ATHENS, Greece -- Greek lawmakers approved a controversial new property tax Tuesday that aims to boost revenue as the country struggles to obtain a critical installment of international bailout loans that will prevent it from default.
The new tax passed 154 votes to 143 against in the 300-member parliament. It was announced earlier this month after international debt inspectors suspended their review of Greek reforms amid talk of missed revenue targets and delayed implementation of austerity measures. The inspectors are expected to return to Athens this week.
Greece must receive an euro8 billion ($11 billion) rescue loan before mid-October to stave off bankruptcy, a collapse that would send shock waves through financial markets in Europe and the world. But creditors have demanded more efforts to raise revenue.
The new tax will be charged through electricity bills to make it easier for the state to collect, instead of going through Greece's unwieldy and inefficient tax system. Those who refuse to pay risk having their power cut off.
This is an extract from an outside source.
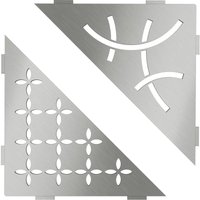 Schlüter SES1D6MGS-E-S1 Ablage Curve 210x210mm Graphitschwarz matt von SCHLUTER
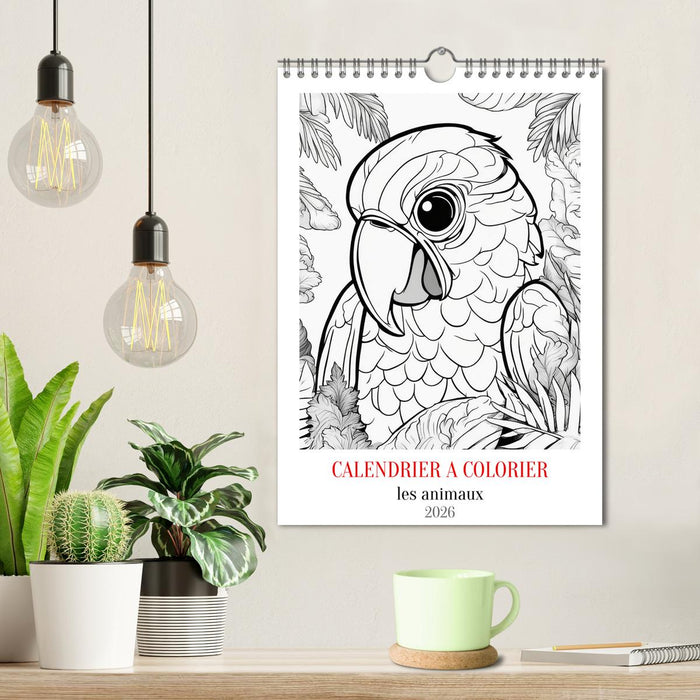 Calendrier à colorier (CALVENDO Calendrier mensuel 2026)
But the extra charge has deeply angered Greeks, who have already been through more than a year of sharp austerity that has seen salary and pension cuts and increased taxes across the board. State electricity company unionists have threatened not to collect the tax.
Speaking before the vote, Finance Minister Evangelos Venizelos acknowledged the new tax was harsh on some, but stressed the government had no choice but to impose it as it fought to reduce its budget deficit.
"Clearly there will be categories of people who will not be able to pay this housing charge and this is a situation that will be resolved," he said. "But the most important thing is that we achieve the targets agreed to in 2011 and 2012."